The U.S. government will pay most of the $1.5 million cost of the training project. The U.S. soldiers belong to the “Special Operations Command” of the U.S. Southern Command. They’ll be in the country until August 3.
Argentina’s Law 25.880 requires that the government seek congressional approval for the entry of foreign troops. That did not happen with these U.S. soldiers. A government spokesperson emphasized that they will “be strengthening relations and ties of friendship between both countries.”
As acolytes of the market economy and expropriators of natural resources, the two nations enjoy an affinity, which is oxygen for a U.S. project underway now in Neuquén. That southwestern city of 340,000 people is the largest in Argentina’s Patagonia region.
A coalition known variously as the “Multi-Sectorial [Group] for Territorial Sovereignty,” or the “Multi-Sectorial for No to Yankee Bases” held a meeting in Neuquén on June 27. The organization is made up of 60 labor, political, and social organizations. Spokesperson Marcela Escobar informed the local press the meeting was about “the imminent installation of a U.S. base in Neuquén [which was being] presented deceitfully as something humanitarian.”

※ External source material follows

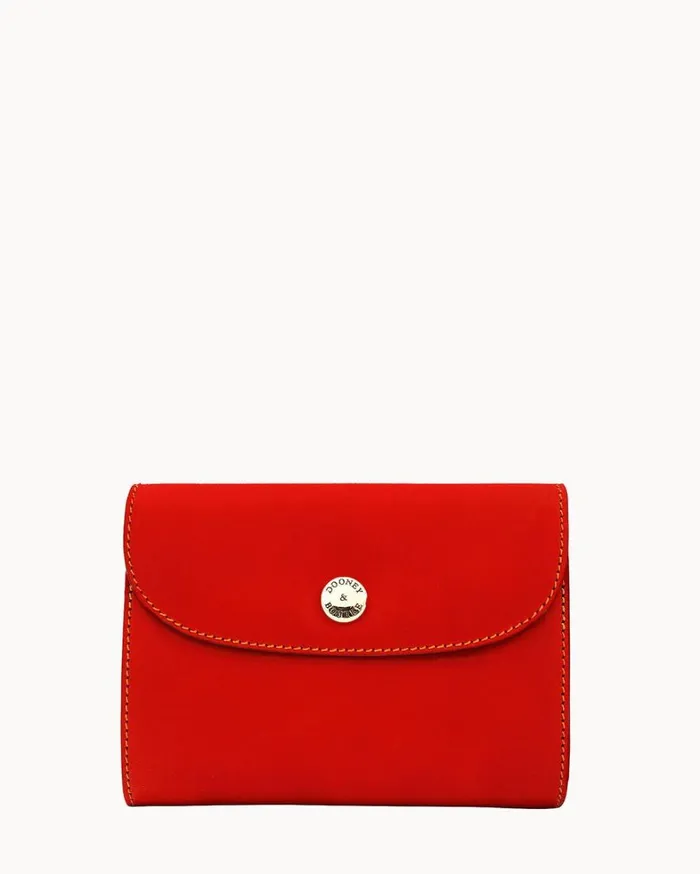 Alto Removable Credit Card Wallet Red Women Dooney and Bourke Wallets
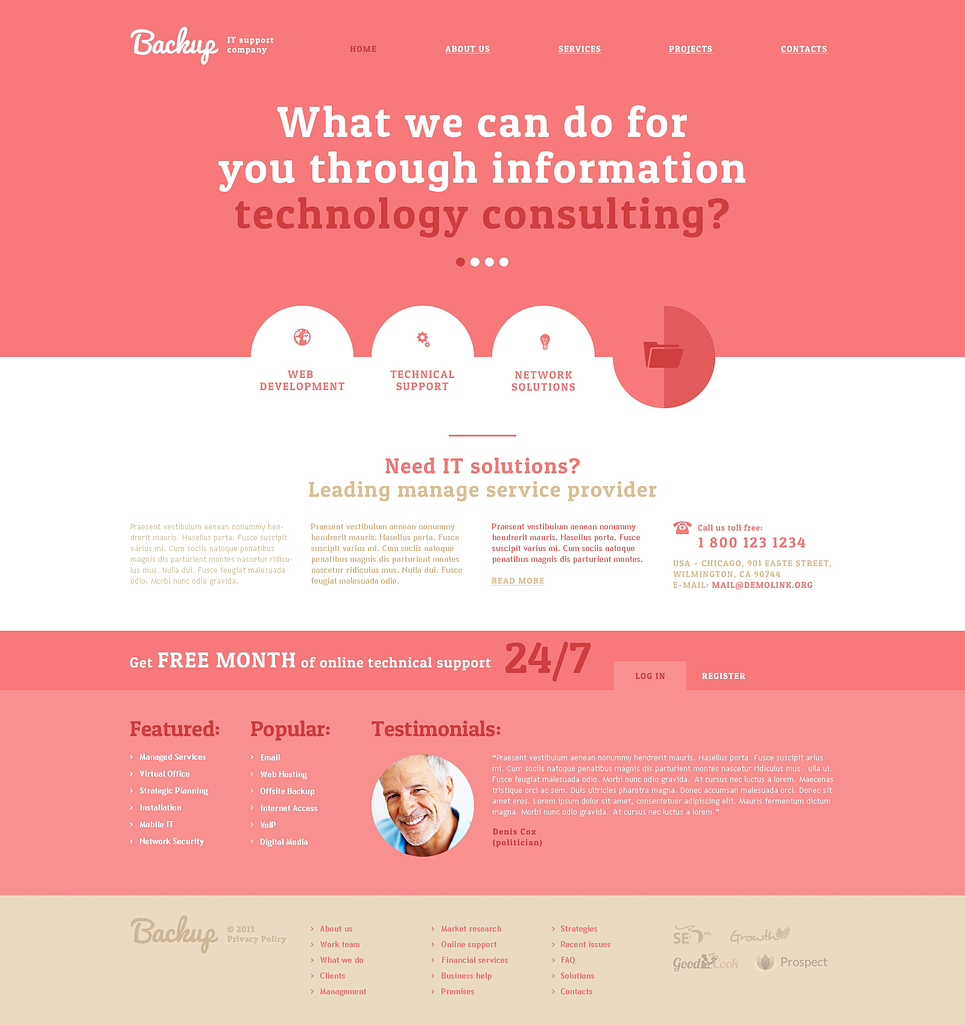IT Responsive Website Template New Screenshots BIG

The new base, said Escobar, is “at the side of the Northern Highway, next to the international airport and the Petroleum Route, the road to Vaca Muerta (Dead Cow).”
Vaca Muerta, it must be explained, is an expanse of 11,583 square miles extending across several provinces in the Pampas. Underground deposits there of shale oil and shale gas are huge. The U.S. Energy Information Administration explains:
“Argentina has world-class shale gas and shale oil potential—possibly the most prospective outside of North America—primarily within the Neuquén Basin. (emphasis added) … Significant exploration programs and early-stage commercial production are underway in the Neuquén Basin by Apache, EOG, ExxonMobil, TOTAL, YPF, and smaller companies.”
According to Buenos Aires’s Clarín newspaper,
“Global investment in the unique [Vaca Muerta] deposits will exceed $100 billion in equipment and structures over the next 10 years. U.S. companies will be providing most of that money.”
It’s by no means accidental, therefore, that a U.S. base is being constructed in such a place, and in an area too, one adds, with large aquifers of fresh water.
The base will cost $2 million. U.S. embassy spokespersons say American troops will be helping out with natural disasters. Provincial officials, however, identify the installation as a “military base.” The Southern Command was to have established a base in Neuquén in 2012, but held off in the face of protests against a base proposed for Chaco province.
Argentina’s government is transferring troops to the Neuquén area where, according to a military spokesperson, they “will…be able to move immediately in case of eventual conflict in the region, especially in the petroleum zone.”
Marcela Escobar’s June 27 meeting and her group’s subsequent press conference concerned their demonstration opposing the Neuquén base that took place on July 9, which is Argentina’s Independence Day. According to a report,
“labor union representatives, opposition political parties, and social organizations gathered at a monument to liberation hero San Martin and then traveled on the Northern Highway to the location of the new civil defense center that the U.S. Southern Command has donated.”
A document was circulated saying that,
“Today there’s nothing to celebrate…. We are met in the place where the national and provincial governments are about to install a U.S. military base.”
Speakers rejected the supposed “humanitarian” objectives of the base, because
“these can change and the base is ready to be fully activated in the event of uprisings by workers and people who may want to reclaim for themselves the production of [natural] gas and petroleum.”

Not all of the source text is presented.